Cette vision dystopique des Etats-Unis est glaçante par sa proximité avec notre actualité. Pour autant, à aucun moment Civil War n’est un film politique, du moins probablement pas là où on l’attend. Le scénario ne construit aucune analyse de conflit ou autopsie géo-politique. Cette guerre civile dans laquelle les Etats-Unis sont plongés n’est qu’un décor. Ce qui est au premier plan dans le scénario est en réalité une guerre de l’image. Ce propos majeur déployé par le film n’en est pas moins intéressant et tout aussi contemporain.

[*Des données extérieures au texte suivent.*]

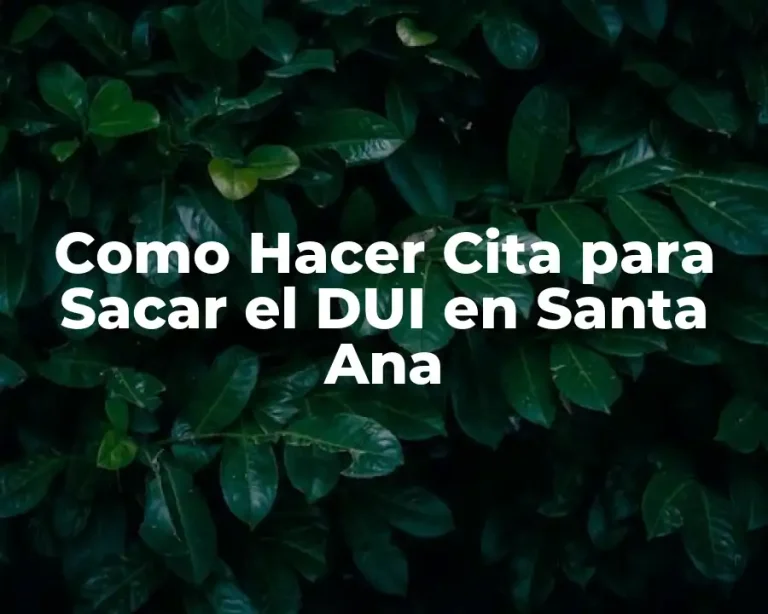Como Hacer Cita para Sacar el DUI en Santa Ana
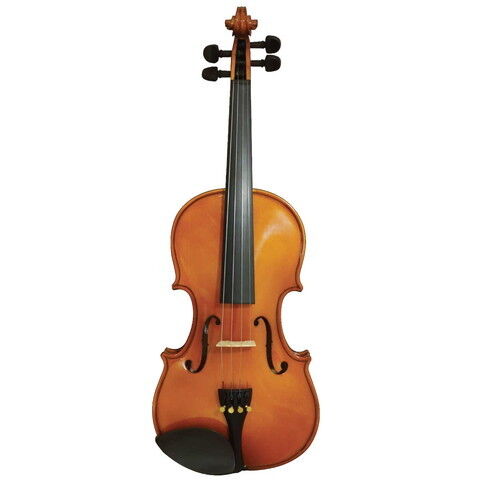 ステンター キッズ向けバイオリン(1/8サイズ) STENTOR SV-180 1/8 【返品種別A】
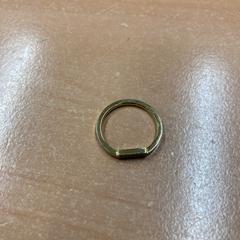 Ring がiLostで Pathé Eindhoven によって報告されました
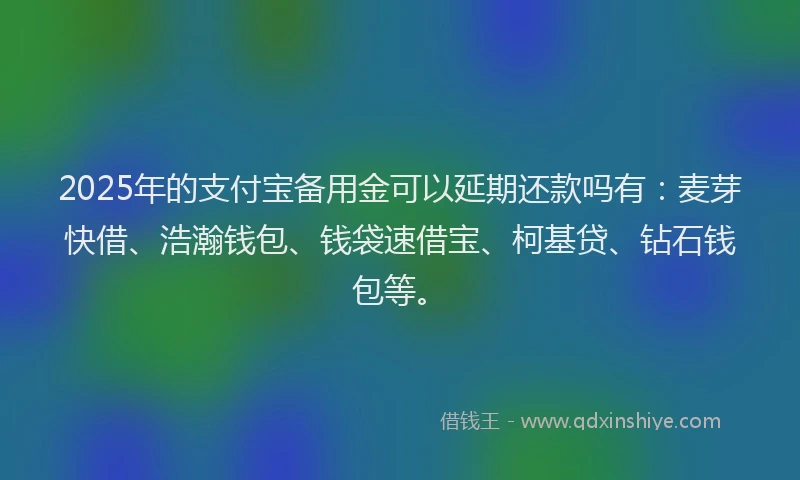 2025年的支付宝备用金可以延期还款吗有：麦芽快借、浩瀚钱包、钱袋速借宝、柯基贷、钻石钱包等。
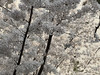cyw0416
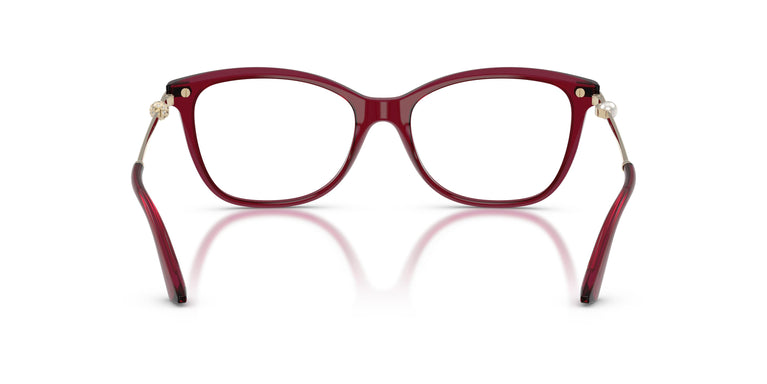 Jimmy Choo JC3007HB  5062 54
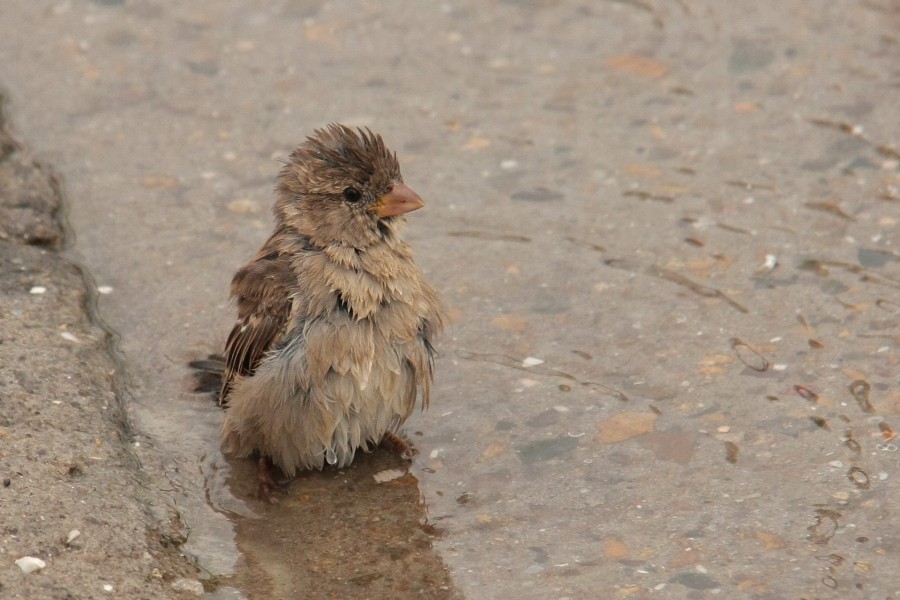 Pequeño gorrión en un charco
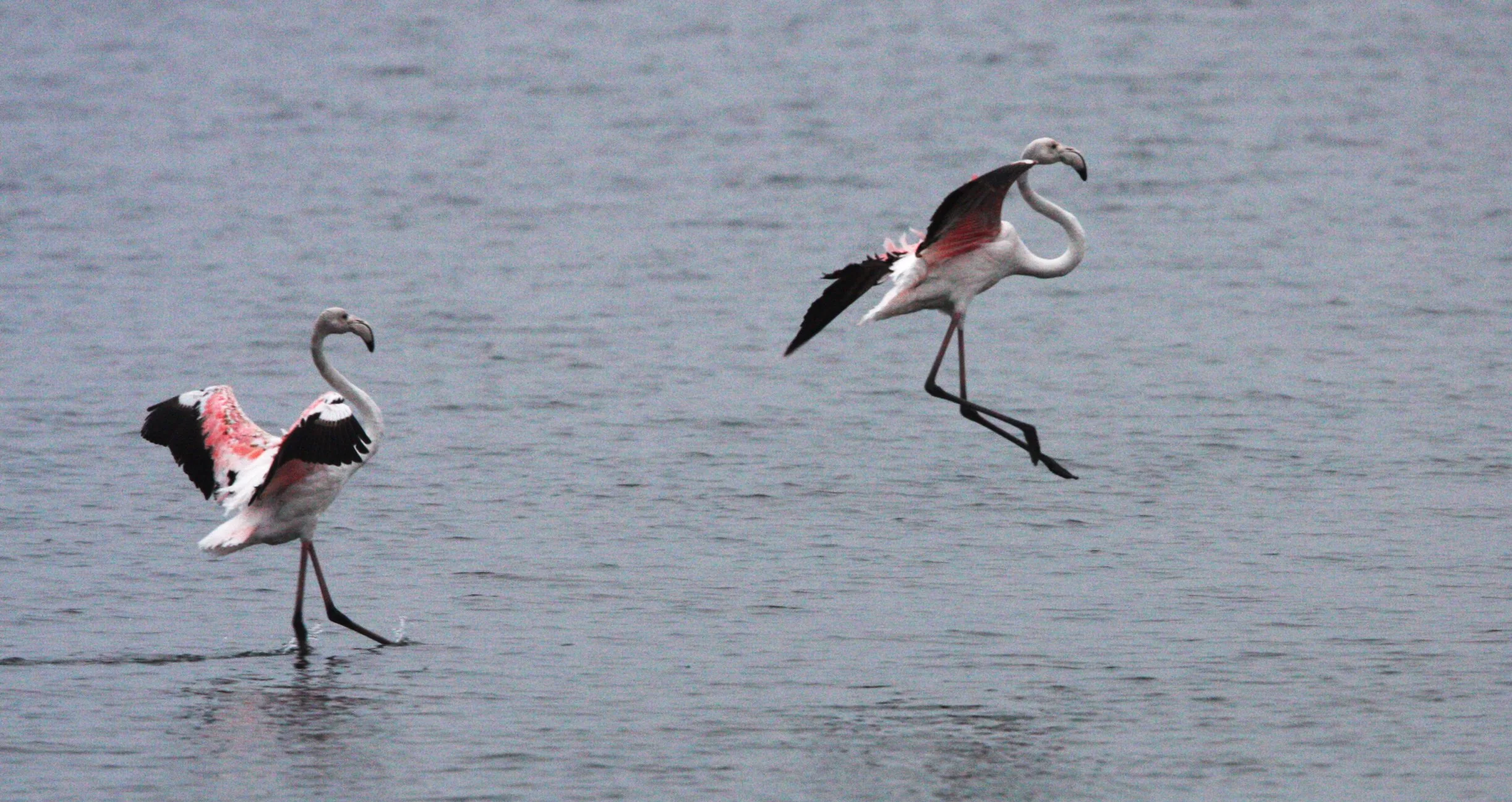 Phoenicopterus roseus - Greater Flamingo - Walvis Bay Namibia (63).JPG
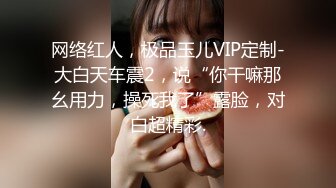 网络红人，极品玉儿VIP定制-大白天车震2，说“你干嘛那幺用力，操死我了”露脸，对白超精彩.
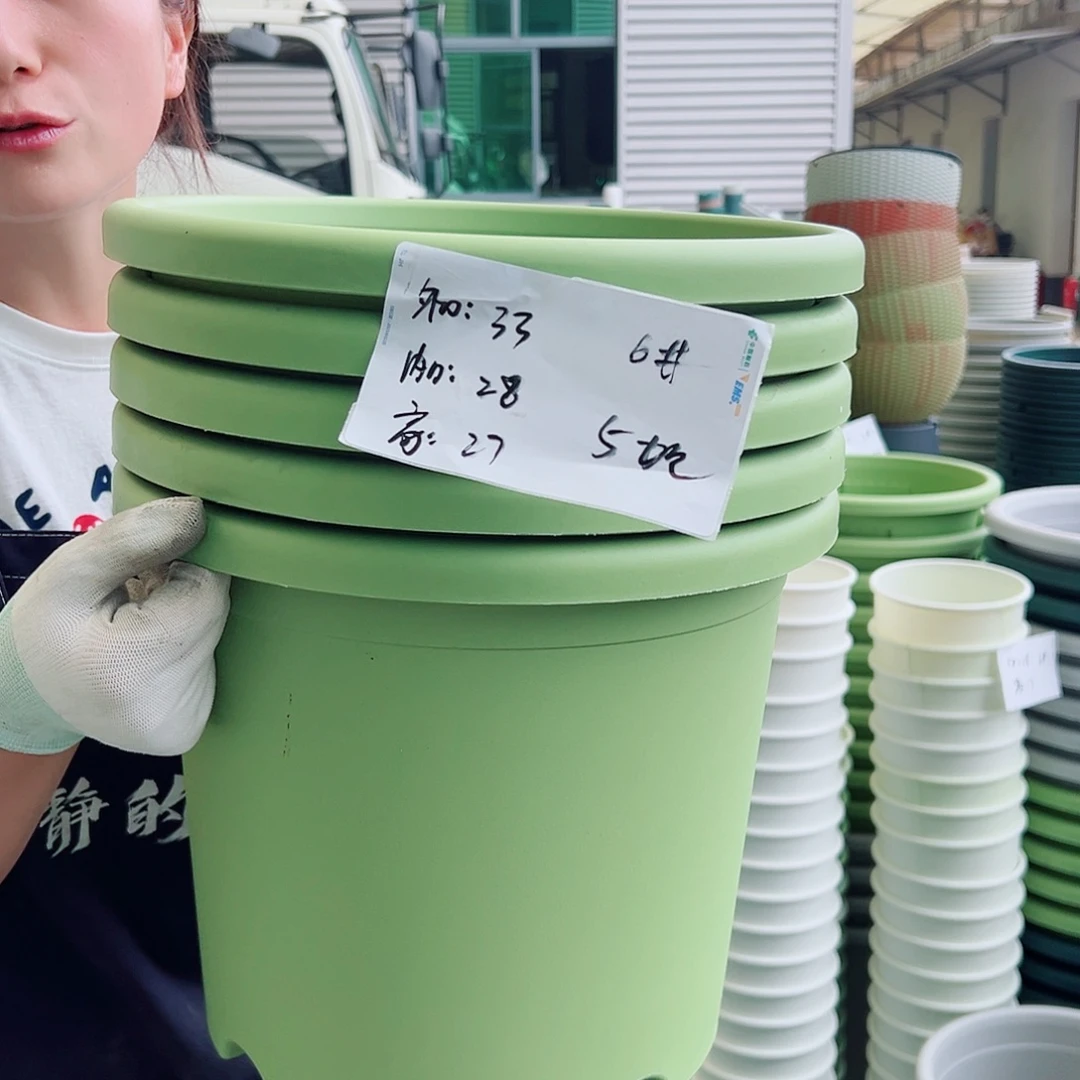 四季盆6#果绿5个无托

Les journalistes sont embarqués vers un dédale de violence qui semble avoir peu à peu raison de leur sensibilité et de leur lucidité. Une sorte d'adrénaline effroyable et malsaine prend le pas sur la quête et les valeurs de ces journalistes. Le goût du sensationnel envahit progressivement le film, jusque dans sa mise en scène beaucoup plus frénétique. La récit aussi se perd dans l’absurdité, peut-être plus celle des protagonistes que d’un scénario incohérent. On reste pantois face au feu d‘artifice final qui nous laisse dubitatif face aux instincts ineptes des protagonistes, mais le trait caricatural n’est peut-être pas si grossier.
Le film apparaît balourd sur certains aspects et pourrait s’affiner dans l’écriture des personnages; à deux exceptions près. Celui de la reporter chevronnée au trauma béant, incarnée avec force et subtilité par Kirsten Dunst. Et celui du soldat menaçant de sa mitraillette et de son patriotisme extrême. Ce personnage impertinent (incarné de façon glaçante par Jesse Plemmons) a toute sa place dans cette galerie très contemporaine de personnages etasuniens très fantasques qui n’est pas pas sans faire penser à l’invasion du capitole de janvier 2021. L’horreur passe au rythme d’une bande son entraînante. Sinistre à souhait.